» EXERCISE AIM
Please print out every entry below, verbatim.

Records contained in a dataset
────────────────────

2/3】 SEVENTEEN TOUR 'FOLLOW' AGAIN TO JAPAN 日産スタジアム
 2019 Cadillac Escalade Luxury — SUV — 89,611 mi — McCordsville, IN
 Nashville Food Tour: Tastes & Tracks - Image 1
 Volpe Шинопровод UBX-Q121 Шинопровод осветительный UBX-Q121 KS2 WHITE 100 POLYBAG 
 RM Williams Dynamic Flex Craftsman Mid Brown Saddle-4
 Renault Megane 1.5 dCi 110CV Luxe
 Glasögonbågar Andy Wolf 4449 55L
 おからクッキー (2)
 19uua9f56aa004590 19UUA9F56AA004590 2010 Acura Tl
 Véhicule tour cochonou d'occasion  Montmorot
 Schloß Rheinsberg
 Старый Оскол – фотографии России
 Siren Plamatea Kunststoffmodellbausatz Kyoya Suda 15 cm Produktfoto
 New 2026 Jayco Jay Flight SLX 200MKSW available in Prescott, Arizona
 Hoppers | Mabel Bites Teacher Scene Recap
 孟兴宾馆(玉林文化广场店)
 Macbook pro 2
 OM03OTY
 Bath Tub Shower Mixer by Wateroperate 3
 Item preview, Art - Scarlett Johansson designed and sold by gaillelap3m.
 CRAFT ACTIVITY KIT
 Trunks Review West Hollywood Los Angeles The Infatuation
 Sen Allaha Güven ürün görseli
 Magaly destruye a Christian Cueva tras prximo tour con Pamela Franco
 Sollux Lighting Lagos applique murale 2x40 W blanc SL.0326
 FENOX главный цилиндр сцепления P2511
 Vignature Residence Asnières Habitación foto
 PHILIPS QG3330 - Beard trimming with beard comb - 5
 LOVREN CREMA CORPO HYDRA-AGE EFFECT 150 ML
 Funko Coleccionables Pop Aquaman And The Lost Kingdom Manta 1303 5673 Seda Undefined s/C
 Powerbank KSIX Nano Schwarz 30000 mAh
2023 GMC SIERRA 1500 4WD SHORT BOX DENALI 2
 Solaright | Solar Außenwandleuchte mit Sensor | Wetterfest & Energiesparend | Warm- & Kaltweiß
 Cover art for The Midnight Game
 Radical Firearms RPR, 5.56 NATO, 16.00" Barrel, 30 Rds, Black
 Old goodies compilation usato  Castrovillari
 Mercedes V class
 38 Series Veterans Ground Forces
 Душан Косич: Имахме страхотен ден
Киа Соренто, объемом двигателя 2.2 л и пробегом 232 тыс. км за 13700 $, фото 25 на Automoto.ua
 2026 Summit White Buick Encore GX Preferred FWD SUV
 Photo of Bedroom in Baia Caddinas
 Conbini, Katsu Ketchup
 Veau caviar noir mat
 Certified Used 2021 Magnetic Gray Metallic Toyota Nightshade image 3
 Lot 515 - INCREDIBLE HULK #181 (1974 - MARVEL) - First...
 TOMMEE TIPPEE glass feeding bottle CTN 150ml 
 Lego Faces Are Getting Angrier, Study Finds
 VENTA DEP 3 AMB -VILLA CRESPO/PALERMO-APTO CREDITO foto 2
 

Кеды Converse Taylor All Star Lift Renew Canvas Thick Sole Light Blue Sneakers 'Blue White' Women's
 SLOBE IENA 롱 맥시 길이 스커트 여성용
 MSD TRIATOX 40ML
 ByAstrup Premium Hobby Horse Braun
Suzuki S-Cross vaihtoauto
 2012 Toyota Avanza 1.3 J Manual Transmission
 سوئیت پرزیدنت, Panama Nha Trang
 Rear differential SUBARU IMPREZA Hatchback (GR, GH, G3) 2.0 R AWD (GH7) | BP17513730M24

────────────────────

» WORKED SOLUTION
2/3】 SEVENTEEN TOUR 'FOLLOW' AGAIN TO JAPAN 日産スタジアム
 2019 Cadillac Escalade Luxury — SUV — 89,611 mi — McCordsville, IN
 Nashville Food Tour: Tastes & Tracks - Image 1
 Volpe Шинопровод UBX-Q121 Шинопровод осветительный UBX-Q121 KS2 WHITE 100 POLYBAG 
 RM Williams Dynamic Flex Craftsman Mid Brown Saddle-4
 Renault Megane 1.5 dCi 110CV Luxe
 Glasögonbågar Andy Wolf 4449 55L
 おからクッキー (2)
 19uua9f56aa004590 19UUA9F56AA004590 2010 Acura Tl
 Véhicule tour cochonou d'occasion  Montmorot
 Schloß Rheinsberg
 Старый Оскол – фотографии России
 Siren Plamatea Kunststoffmodellbausatz Kyoya Suda 15 cm Produktfoto
 New 2026 Jayco Jay Flight SLX 200MKSW available in Prescott, Arizona
 Hoppers | Mabel Bites Teacher Scene Recap
 孟兴宾馆(玉林文化广场店)
 Macbook pro 2
 OM03OTY
 Bath Tub Shower Mixer by Wateroperate 3
 Item preview, Art - Scarlett Johansson designed and sold by gaillelap3m.
 CRAFT ACTIVITY KIT
 Trunks Review West Hollywood Los Angeles The Infatuation
 Sen Allaha Güven ürün görseli
 Magaly destruye a Christian Cueva tras prximo tour con Pamela Franco
 Sollux Lighting Lagos applique murale 2x40 W blanc SL.0326
 FENOX главный цилиндр сцепления P2511
 Vignature Residence Asnières Habitación foto
 PHILIPS QG3330 - Beard trimming with beard comb - 5
 LOVREN CREMA CORPO HYDRA-AGE EFFECT 150 ML
 Funko Coleccionables Pop Aquaman And The Lost Kingdom Manta 1303 5673 Seda Undefined s/C
 Powerbank KSIX Nano Schwarz 30000 mAh
2023 GMC SIERRA 1500 4WD SHORT BOX DENALI 2
 Solaright | Solar Außenwandleuchte mit Sensor | Wetterfest & Energiesparend | Warm- & Kaltweiß
 Cover art for The Midnight Game
 Radical Firearms RPR, 5.56 NATO, 16.00" Barrel, 30 Rds, Black
 Old goodies compilation usato  Castrovillari
 Mercedes V class
 38 Series Veterans Ground Forces
 Душан Косич: Имахме страхотен ден
Киа Соренто, объемом двигателя 2.2 л и пробегом 232 тыс. км за 13700 $, фото 25 на Automoto.ua
 2026 Summit White Buick Encore GX Preferred FWD SUV
 Photo of Bedroom in Baia Caddinas
 Conbini, Katsu Ketchup
 Veau caviar noir mat
 Certified Used 2021 Magnetic Gray Metallic Toyota Nightshade image 3
 Lot 515 - INCREDIBLE HULK #181 (1974 - MARVEL) - First...
 TOMMEE TIPPEE glass feeding bottle CTN 150ml 
 Lego Faces Are Getting Angrier, Study Finds
 VENTA DEP 3 AMB -VILLA CRESPO/PALERMO-APTO CREDITO foto 2
 

Кеды Converse Taylor All Star Lift Renew Canvas Thick Sole Light Blue Sneakers 'Blue White' Women's
 SLOBE IENA 롱 맥시 길이 스커트 여성용
 MSD TRIATOX 40ML
 ByAstrup Premium Hobby Horse Braun
Suzuki S-Cross vaihtoauto
 2012 Toyota Avanza 1.3 J Manual Transmission
 سوئیت پرزیدنت, Panama Nha Trang
 Rear differential SUBARU IMPREZA Hatchback (GR, GH, G3) 2.0 R AWD (GH7) | BP17513730M24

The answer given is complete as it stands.